Supplied material START
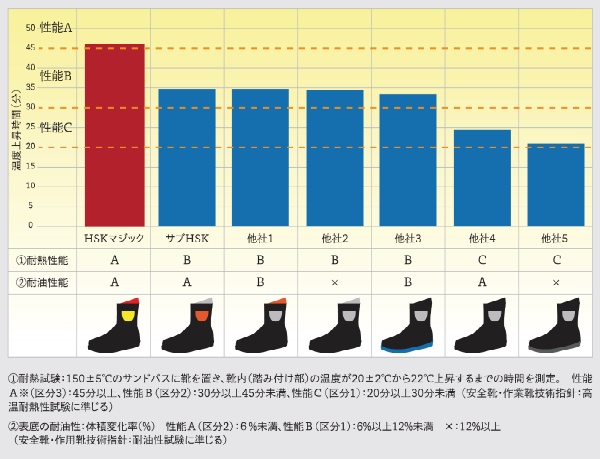 アスファルト舗装専用安全靴 HSKシリーズ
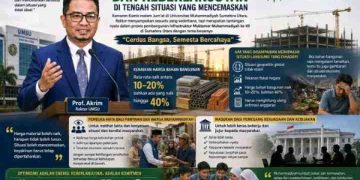 Menjaga Optimisme dan Keberlanjutan di Tengah Situasi yang Kurang Ideal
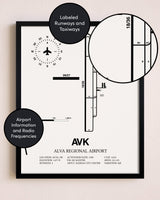 Framed Alva Regional Airport layout wall art poster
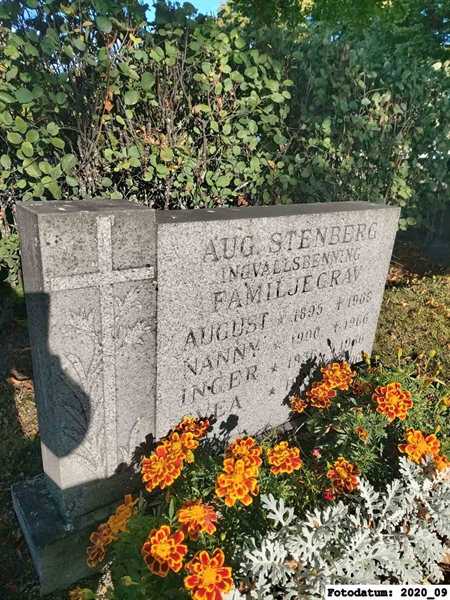 Grave number: 1 Ö 20   179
Supplied material END
### [Work request]
Set out nothing but the lines from the line with "Framed Alva Regional" through the end of the material, reproduced exactly, both ends included, pictures omitted.

### [Exercise output]
 Framed Alva Regional Airport layout wall art poster
 Grave number: 1 Ö 20   179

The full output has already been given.